NES Super Mario Brothers 3 and Contra. NKOTB… Jordan was so dreamy! Milli Vanilli, I really hate how hard it is to track those songs down now that no one knows who really sang them.
It was safe for me to walk 20 minutes up the two lane streets to get to my friend’s house without anyone having to drive me.
I had 4 television channels, an Fox was the risqué one. If you consider Married With Children risqué.
Belly shirts, body suits. Curling iron burns on my forehead.
Duke or Carolina took every NCAA tournament win there for awhile. Grant Hill is the man!
And Zima. Can’t forget the Zima. With a Jolly Rancher in it. Crystal clear Pepsi, anyone?

Seek's avatar

Bacon? Bacon? I smell bacon. Only one thing smells like bacon and that’s bacon. Bacon, bacon bacon bacon THERE, on the bag, what’s it say? I CAN“T READ!!! Please, please give me what’s in the bag! Chewy, yummy, smoky BACON!!!

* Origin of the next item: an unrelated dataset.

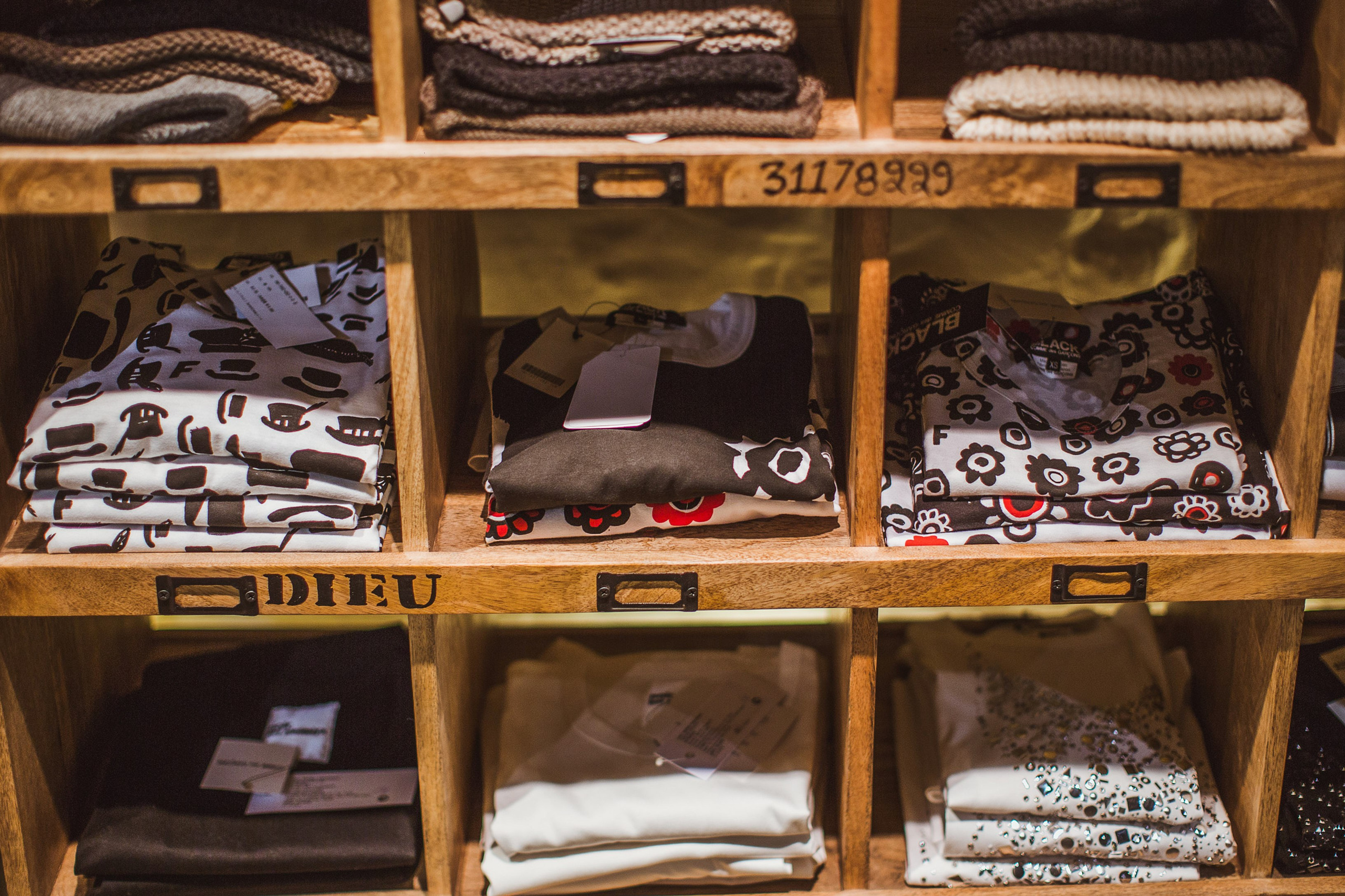 AIR, интерьер. Дмитрий Смирнов. Фотография, дизайн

,,, No, it’s Beggin Strips, brand dog snack from Purina. Dogs don’t know it’s not bacon.

IT’S BACON!!!

….............Help! I’ve fallen and I can’t get up!

Clap, clap!

Ch-ch-ch-CHIA!

You turn the plank, and snap the crank, and boot the marble right down the chute. Then watch it roll and hit the pole, and knock the ball into the rub-a-dub tub, which hits the man into the can. The trap is set; here comes the net!